Recorded information:
——

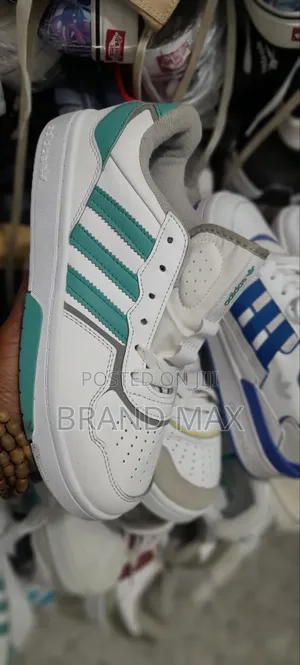 Photo - Adidas Sneakers Master Quality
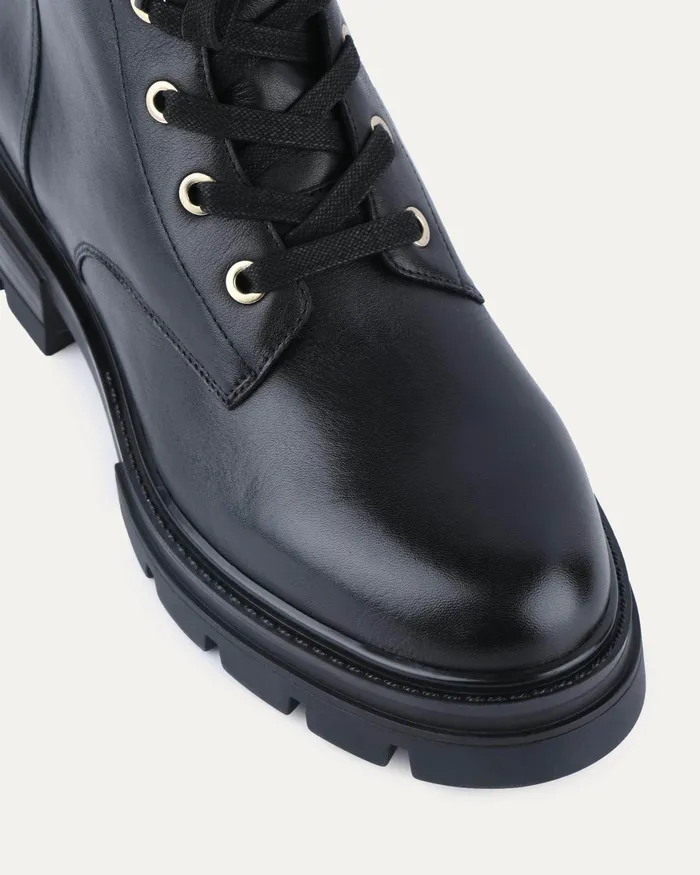 FLAT BOOTS Women Barnett flat ankle boots black leather jomercer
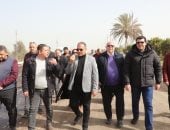 محافظ الشرقية يتفقد أعمال الرصف الجارية بطريق الإبراهيمية الدائرى بطول 3.5 كم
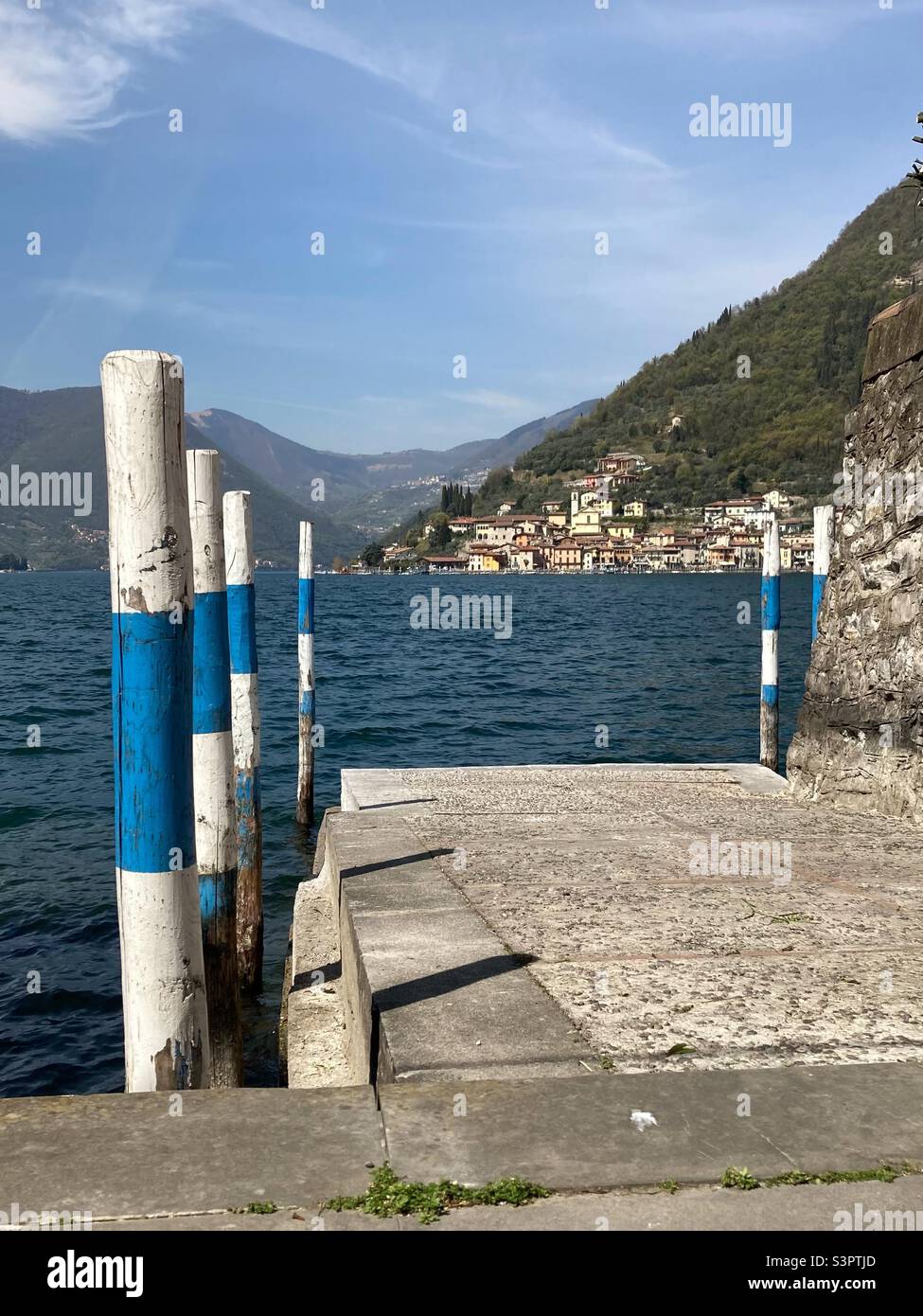 Ein Fährhafen in Sulzano am Lago d‘Iseo mit der Insel Monte Isola im Hintergrund, Sulzano, Lombardei, Italien Stockfoto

——

Exercise directions: Exact copy required, pictures excluded: the lines from the one holding "محافظ الشرقية يتفقد" through the last line of the data, both ends included.

Exercise answer:
 محافظ الشرقية يتفقد أعمال الرصف الجارية بطريق الإبراهيمية الدائرى بطول 3.5 كم
 Ein Fährhafen in Sulzano am Lago d‘Iseo mit der Insel Monte Isola im Hintergrund, Sulzano, Lombardei, Italien Stockfoto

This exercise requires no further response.